Empire and Emancipation: Scottish and Irish Catholics at the Atlantic Fringe, 1780–1850
Published: January 2022© 2022
302 Pages, 6.00 x 9.00 x 0.70 in, 13 b&w illustrations, 2 b&w maps
Empire and Emancipation explores how the agency of Scottish and Irish Catholics redefined understandings of Britishness and British imperial identity in colonial landscapes. In highlighting the relationship of Scottish and Irish Catholics with the British Empire, S. Karly Kehoe starts an important and timely debate about Britain’s colonizer constituencies.

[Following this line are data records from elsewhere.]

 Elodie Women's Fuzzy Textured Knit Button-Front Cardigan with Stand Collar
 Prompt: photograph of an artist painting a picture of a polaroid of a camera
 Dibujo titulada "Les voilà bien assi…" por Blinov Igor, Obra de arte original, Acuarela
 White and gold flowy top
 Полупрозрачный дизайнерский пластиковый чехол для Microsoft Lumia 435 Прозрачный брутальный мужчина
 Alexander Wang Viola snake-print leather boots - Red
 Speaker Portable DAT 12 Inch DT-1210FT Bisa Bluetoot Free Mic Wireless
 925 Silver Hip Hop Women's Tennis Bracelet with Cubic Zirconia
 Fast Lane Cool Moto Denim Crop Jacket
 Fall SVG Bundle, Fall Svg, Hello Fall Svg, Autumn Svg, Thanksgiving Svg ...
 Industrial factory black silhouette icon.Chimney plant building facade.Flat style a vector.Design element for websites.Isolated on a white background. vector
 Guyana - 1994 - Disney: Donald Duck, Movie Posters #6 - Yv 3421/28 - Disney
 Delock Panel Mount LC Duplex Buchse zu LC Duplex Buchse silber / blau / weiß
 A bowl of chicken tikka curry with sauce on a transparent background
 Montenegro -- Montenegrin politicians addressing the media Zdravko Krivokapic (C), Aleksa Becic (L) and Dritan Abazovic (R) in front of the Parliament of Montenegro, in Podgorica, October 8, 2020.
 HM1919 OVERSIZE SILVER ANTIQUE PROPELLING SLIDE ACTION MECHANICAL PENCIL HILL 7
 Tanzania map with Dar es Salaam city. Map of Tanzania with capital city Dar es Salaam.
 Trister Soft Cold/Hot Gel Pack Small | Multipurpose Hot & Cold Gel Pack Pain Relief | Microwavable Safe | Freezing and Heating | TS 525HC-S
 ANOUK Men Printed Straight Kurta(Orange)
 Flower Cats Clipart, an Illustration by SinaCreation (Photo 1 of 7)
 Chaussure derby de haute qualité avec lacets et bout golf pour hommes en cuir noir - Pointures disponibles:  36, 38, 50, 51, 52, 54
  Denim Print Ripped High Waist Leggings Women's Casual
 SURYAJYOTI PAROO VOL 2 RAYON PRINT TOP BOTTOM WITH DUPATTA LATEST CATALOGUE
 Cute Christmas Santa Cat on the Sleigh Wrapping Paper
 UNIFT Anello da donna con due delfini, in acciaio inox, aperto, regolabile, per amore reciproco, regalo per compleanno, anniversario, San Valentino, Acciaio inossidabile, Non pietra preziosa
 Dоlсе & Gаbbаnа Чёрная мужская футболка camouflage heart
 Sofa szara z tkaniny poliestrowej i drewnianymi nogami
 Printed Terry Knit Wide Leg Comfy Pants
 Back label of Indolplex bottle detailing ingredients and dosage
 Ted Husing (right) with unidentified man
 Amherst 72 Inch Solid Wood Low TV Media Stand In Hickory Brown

The colonies of Nova Scotia, Cape Breton Island, Newfoundland, and Trinidad had some of the British Empire’s earliest, largest, and most diverse Catholic populations. These were also colonial spaces where Catholics exerted significant influence. Given the extent to which Scottish and Irish Catholics were constrained at home by crippling legislation, long-established patterns of socio-economic exclusion, and increasing discrimination, the British Empire functioned as the main outlet for their ambition. Kehoe shows how they engaged with and benefitted from the security needs of an expanding empire, the aspirations of an emerging middle class, and Rome’s desire to expand its influence in British territories.
Examining the experience of Scottish and Irish Catholics in these colonies exposes how the empire levelled the playing field for Britain’s national groups and brokered a stronger and more coherent British identity. In highlighting specific aspects of the complex and multifaceted relationship between Catholicism and the British imperial state, Kehoe presents Britishness as an identity defined much more by civil engagement and loyalism than by religion. In this way, Empire and Emancipation furthers our understanding of Britain and Britishness in the Atlantic world.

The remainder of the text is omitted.